The actual data that are plotted on the chart are the number of opportunities between defects.
![minitab control chart minitab control chart](https://i.ytimg.com/vi/_YBpa953Y0I/mqdefault.jpg)
When the calculated lower control limit is negative, the lower limit is set to 0. The calculations for the control limits almost always result in a negative lower control limit. Properties of the G Chart Like other control charts, the G chart has a center line and upper and lower control limits.
#Minitab control chart software
Benneyan cites several examples of this natural decaying pattern: the number of re-worked welds per manufactured item, the number of detected software bugs, the number of items on delivery trucks, and the number of invoices received per day.
![minitab control chart minitab control chart](https://static.wixstatic.com/media/899e45_6282ee067099428488b3f59fcdc7986e~mv2.jpg)

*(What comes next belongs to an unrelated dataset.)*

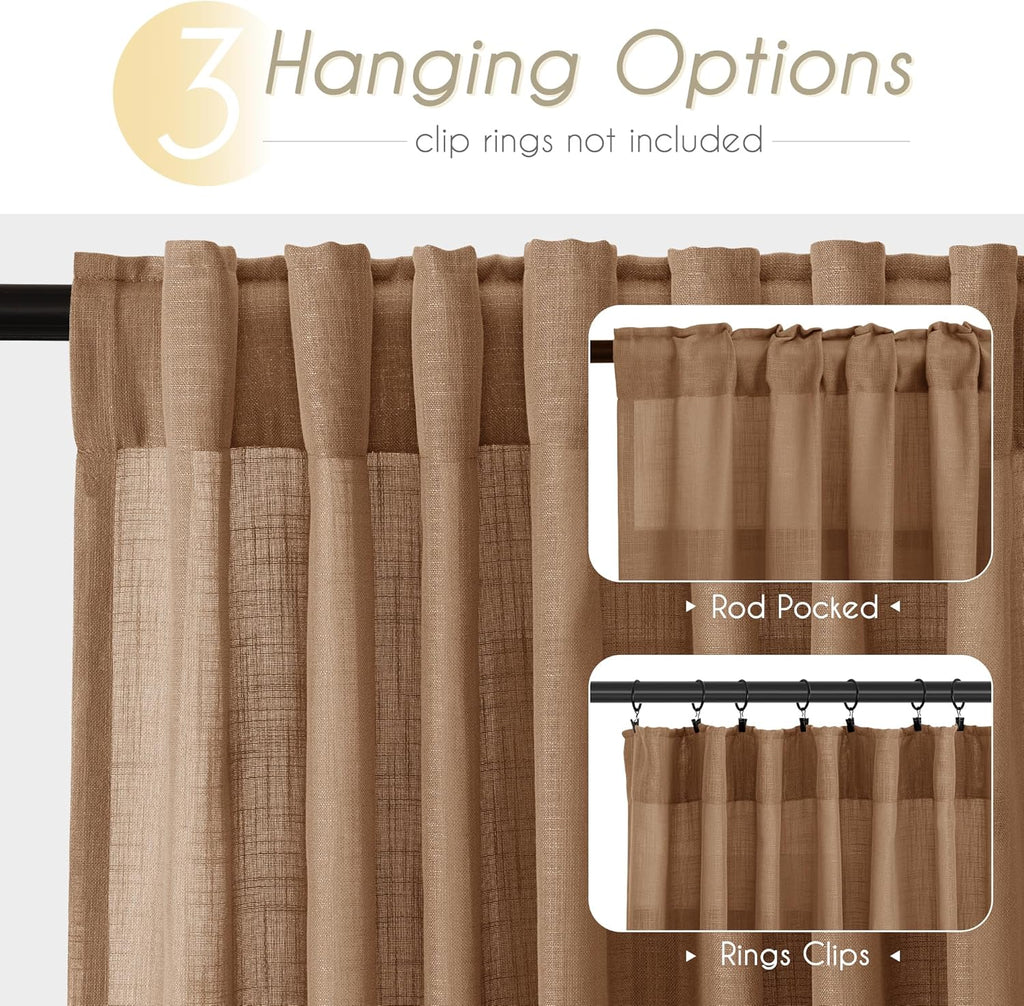 Cortinas Jolilight Marrón Semi Transparentes 52x90 Pulgadas — Estilo Farmhouse Moderno, Set 2 Paneles, Back Tab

But the G chart is appropriate for processes in which the defect rate is very low and for processes that show a natural geometrically decaying pattern. Use Cases for the G Chart As mentioned earlier, most of the applications cited in Benneyan's paper are from healthcare settings. The key assumption used when counting the number of days is that the number of patients or procedures per day is fairly constant. What is most often done is to count the number of days between observed infections. While this is the ideal, it is also rarely done, because of complications with counting the actual number of patients through the system, or the number of procedures. Thus, in a healthcare setting where you monitor the infection rate, the ideal would be to count the number of patients or procedures until an infection is observed. In the geometric distribution, you count the number of opportunities before or until the defect occurs. The geometric distribution provides an alternative probability model. This means that it could take weeks, months, or perhaps even years to accumulate enough data to detect and respond to changes in the infection rate. As for the data requirements, if you follow the standard practice of requiring a minimum of 25 to 35 subgroups to establish control limits, and the infection rate is low (for example, < 1%), the required amount of data is at least 12,500 patients (500 patients per subgroup multiplied by 25 subgroups). If you use a P chart, the data are the number of patient days in which one or more infections occur. Thus, the data are the number of infections per patient day. For example, if you use a U chart to monitor nosocomial infections, each patient day is considered an area of opportunity in which one or more infections could occur.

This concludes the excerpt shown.